Creating Your First Scatter Plot

Now, let's create a simple scatter plot. You'll need two lists of numbers: one for the x-axis (horizontal) and one for the y-axis (vertical). These lists should be of the same length because each pair of numbers will correspond to a point on the plot.

Here's an example:

# Sample data
x = [5, 7, 8, 5, 6, 7, 9, 2, 3, 4, 4, 4, 2, 6, 3, 6, 8, 6]
y = [7, 4, 3, 9, 1, 3, 2, 5, 2, 4, 8, 7, 1, 6, 7, 8, 2, 5]

# Creating scatter plot
plt.scatter(x, y)
plt.show()

When you run this code, a window will pop up showing your scatter plot with points corresponding to the pairs of values from your x and y lists.

Customizing Your Scatter Plot

A plain scatter plot can be informative, but adding customization can make it clearer and more appealing. Here are some ways to customize your scatter plot:

Adding Titles and Labels

To make your plot more understandable, you should add a title and labels to your axes:

plt.scatter(x, y)

# Adding a title
plt.title('My First Scatter Plot')

# Adding labels to the axes
plt.xlabel('X-axis Label')
plt.ylabel('Y-axis Label')

plt.show()

Changing Point Colors and Sizes

You can change the color and size of the points to convey more information or to make your plot more visually appealing:

plt.scatter(x, y, c='red', s=10)  # 'c' is for color, 's' is for size

plt.title('Scatter Plot with Red Points')
plt.xlabel('X-axis Label')
plt.ylabel('Y-axis Label')

plt.show()

Adding a Grid

A grid can help in estimating the position of the points:

plt.scatter(x, y, c='green', s=40)

plt.title('Scatter Plot with a Grid')
plt.xlabel('X-axis Label')
plt.ylabel('Y-axis Label')

# Adding a grid
plt.grid(True)

plt.show()

Plotting Multiple Groups

Often, you'll want to compare different groups in your scatter plot. You can do this by plotting multiple sets of points and giving them different colors:

# Data for three different groups
x1 = [5, 7, 8, 7, 6, 7, 9, 2, 3, 4, 4, 4, 2, 6, 3, 6, 8, 6]
y1 = [7, 4, 3, 9, 1, 3, 2, 5, 2, 4, 8, 7, 1, 6, 7, 8, 2, 5]

x2 = [2, 2, 3, 3, 2, 7, 9, 10, 11, 14, 14, 13, 12, 9, 11, 15, 15, 16]
y2 = [10, 11, 12, 13, 14, 10, 8, 5, 6, 1, 10, 11, 12, 9, 8, 7, 2, 6]

# Plotting the first group
plt.scatter(x1, y1, c='blue', s=10, label='Group 1')

# Plotting the second group
plt.scatter(x2, y2, c='orange', s=10, label='Group 2')

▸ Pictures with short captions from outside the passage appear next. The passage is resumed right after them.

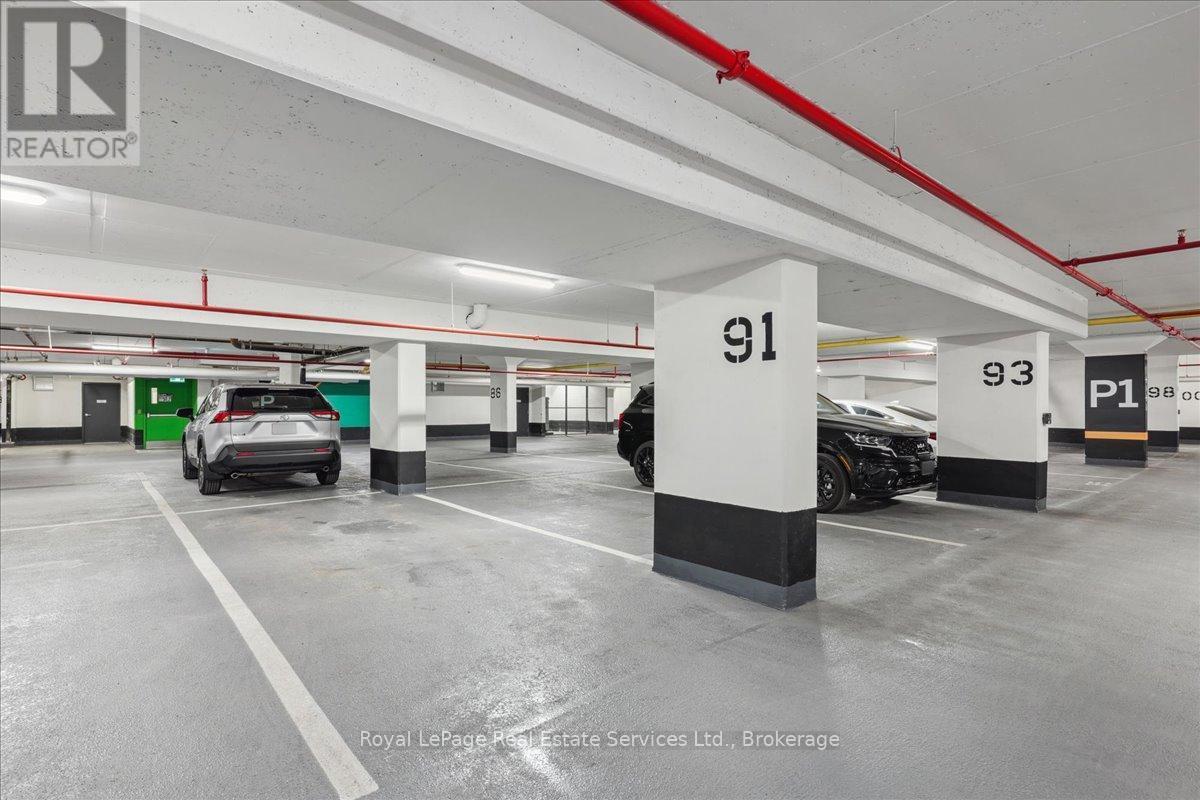 












1112 - 2489 TAUNTON ROAD

,
Oakville (RO River Oaks),




Ontario
L6H3R9

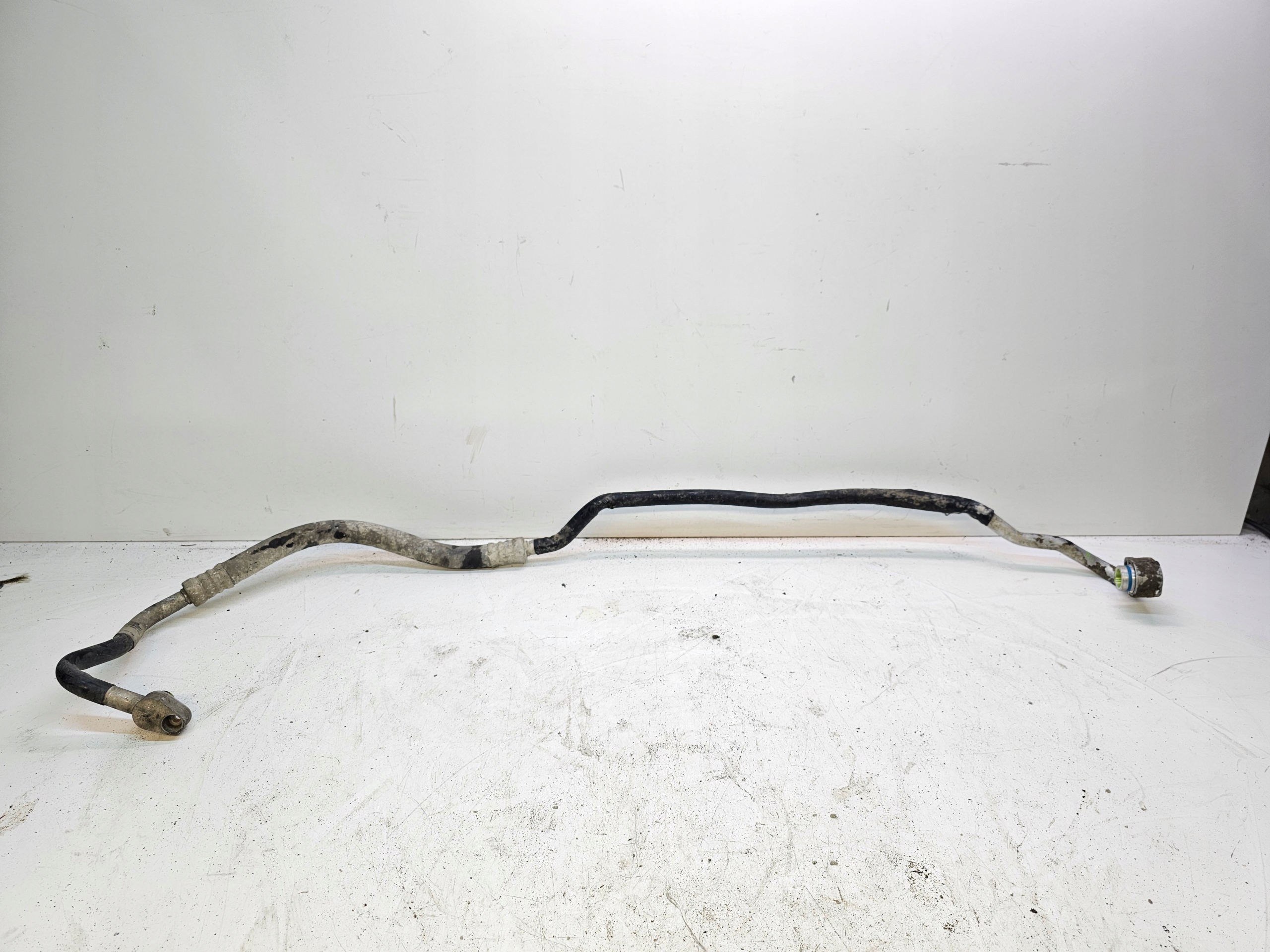vedení hadice klimatizaci AUDI A4 B7 8E0260707BC
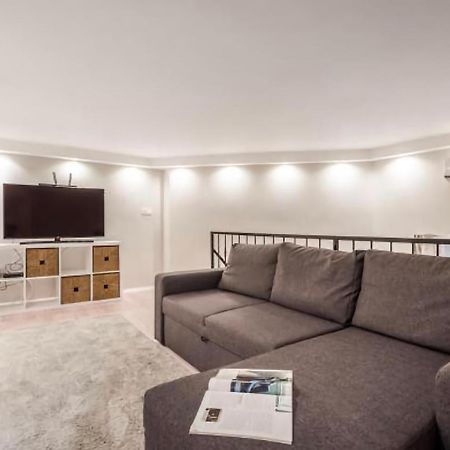 Akacfa 62 Dowtown 2Br Wifi+Ac Apartment Будапеща Екстериор снимка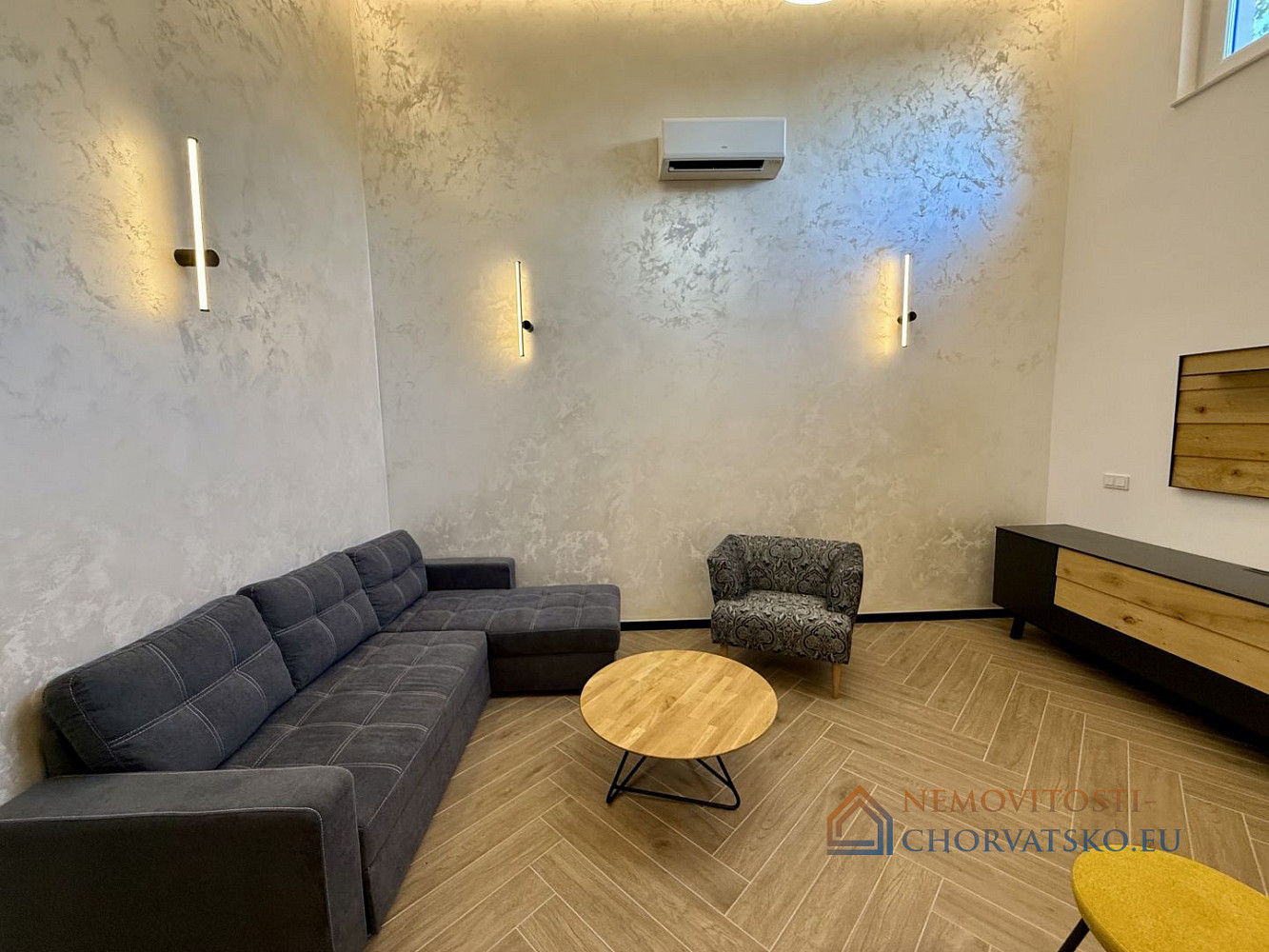 Prodej bytu 6+kk 75 m² – pohled 4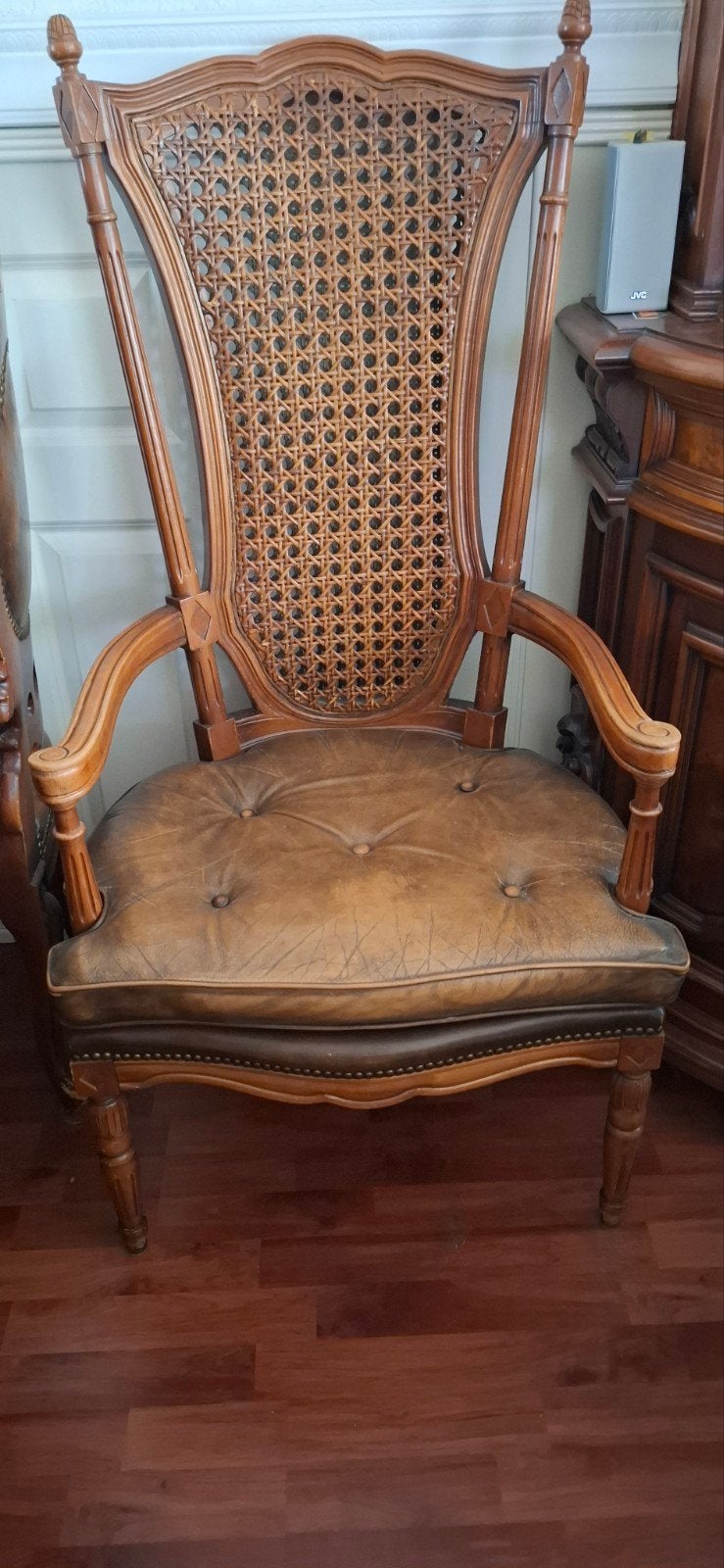 Antieke houte stoel met rieten rugleuning en lederen zitting, Antiek en Kunst, Antiek | Meubels | Stoelen en Banken, Ophalen
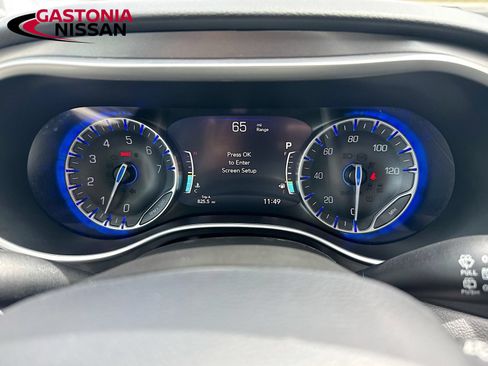 Used 2024 Chrysler Pacifica Touring-L FWD image 15
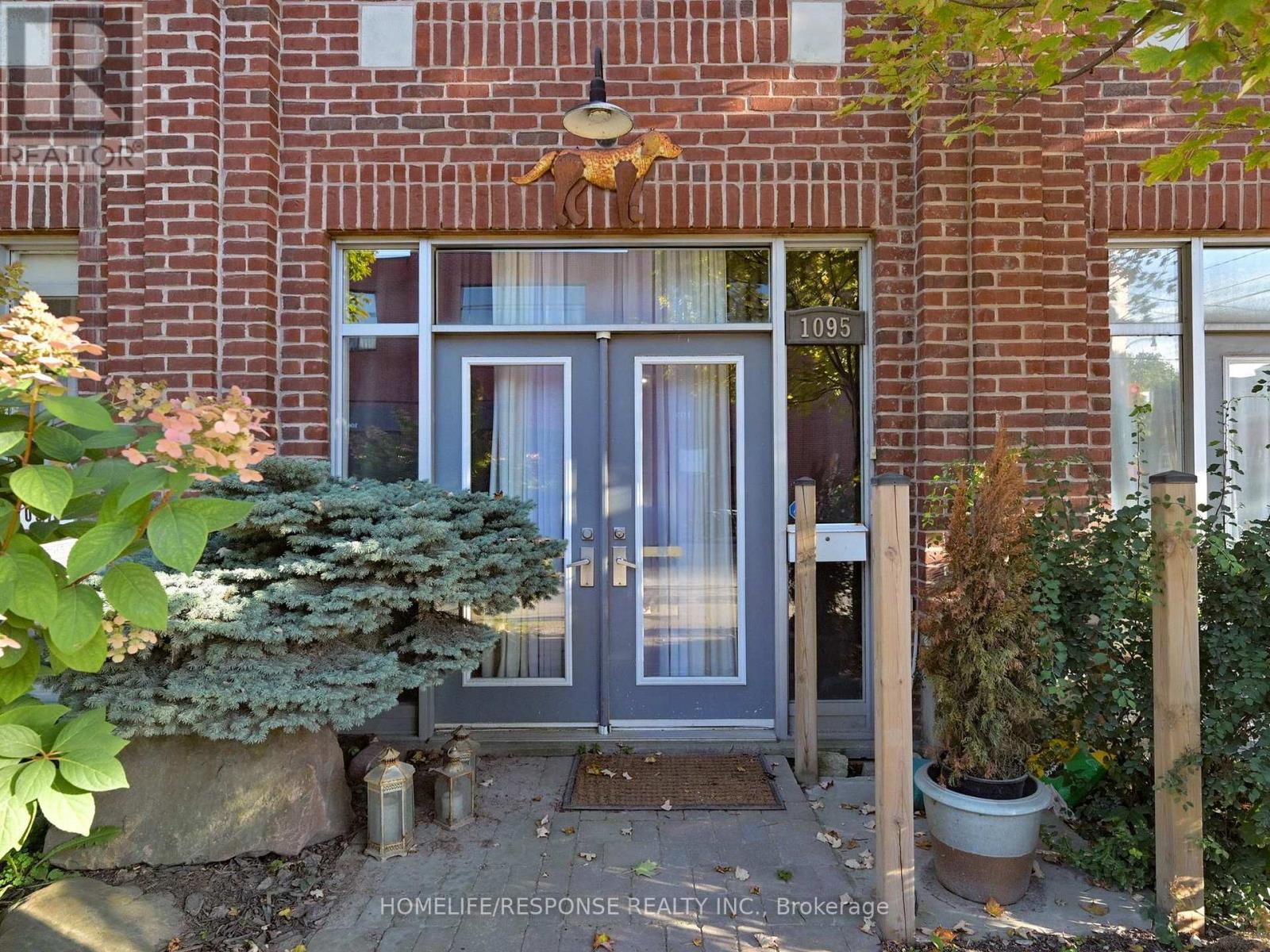 Property at 1095 DUNDAS STREET E image 2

plt.title('Scatter Plot with Multiple Groups')
plt.xlabel('X-axis Label')
plt.ylabel('Y-axis Label')

# Adding a legend to differentiate the groups
plt.legend()

plt.grid(True)
plt.show()

Understanding the Code Intuitively

Think of your scatter plot code as a recipe. You start by gathering your ingredients (import matplotlib.pyplot as plt), then you prepare your main dish (the scatter() function), and finally, you garnish it to make it presentable (adding titles, labels, and customizations).

Conclusion

Creating scatter plots with Matplotlib can be likened to storytelling. Each plot you create is a visual story of the data you're presenting. With the simple steps outlined above, you've learned to tell your story compellingly, using colors, labels, and grouping to highlight the key messages in your data.

Remember, the best plots are not just technically accurate but also intuitive and accessible to your audience. As you become more comfortable with Matplotlib, you'll find yourself able to wield these plots like an artist uses their palette, combining technical know-how with creativity to convey insights in the most impactful way. Keep practicing, and soon you'll be plotting like a pro, ready to tackle even more complex data visualizations with confidence and ease.